Throughout this most recent process, Ōtaraua have consistently and openly voiced the issues that they have with the way in which the Crown and the many variations of local and regional councils have continued to force the hapū into untenable situations of colonial denial of their rights to have their lands returned. The decision by Ōtaraua to not support the Bill should not have come as a surprise to anyone. Nor should it be seen as some uninformed attempt to halt the process. Both Manukorihi and Ōtaraua hapū have undertaken extensive hui, wānanga and information sharing processes. They have done that against the might of not only the Crown, but also of the New Plymouth City Council and the Taranaki Regional Council, all of whom have endless resources to fund their position and have garnered those resources from generations of profits and benefits that come from being the beneficiaries of stolen lands. Neither of the hapū of Waitara have such resources, as is the case for all whānau, hapū and iwi that struggle under the mantle of a colonial system that denies our sovereignty on our own lands.
I have been asked on a number of occasions – why did Ōtaraua not support the Bill? The more accurate question is – why did the Crown support the Bill? And why have they alongside the New Plymouth District Council and the Taranaki Regional Council embedded another piece of legislation that further denies the rights of Ōtaraua hapū to say no to yet another act of dispossession of their lands?. We must also ask why no MPs within Labour, National or New Zealand First asked the critical questions about the withdrawal of Ōtaraua.

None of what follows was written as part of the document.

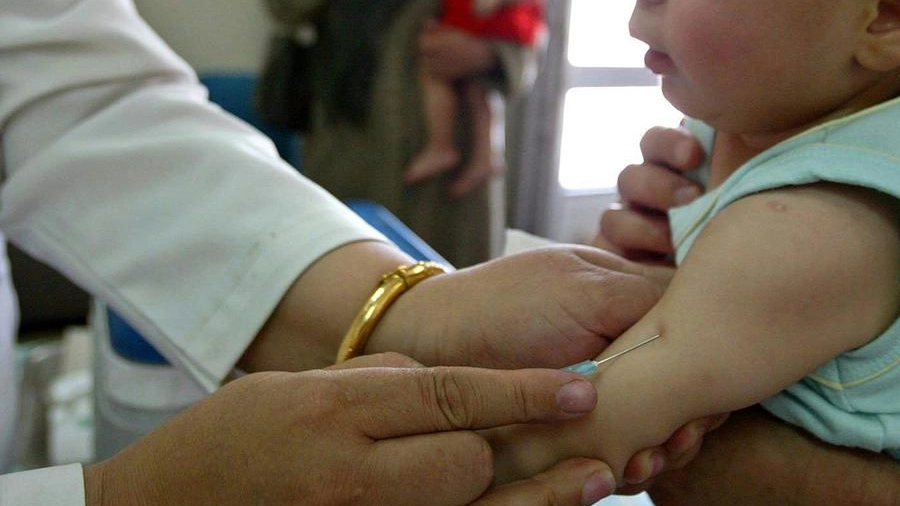 Vaccinazioni, vaccino: foto generica (Ansa)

The assertion of the rights of hapū to fight against further colonial oppression is not the issue here. The issue is that in 2018 we have seen, as we did in 2005 with the Foreshore and Seabed, another act of contemporary colonising theft of Waitara lands. Just days before the third reading of the Bill I asked a close friend, a long serving Māori lawyer: “Do you have any thoughts on what Ōtaraua hapū can do in terms of this reading of the Waitara (stolen) lands bill?” To which she replied “You need an MP to be brave and try and slow the process down.”
Sadly, outside of the Green Party, there were no other brave MPs in parliament that day.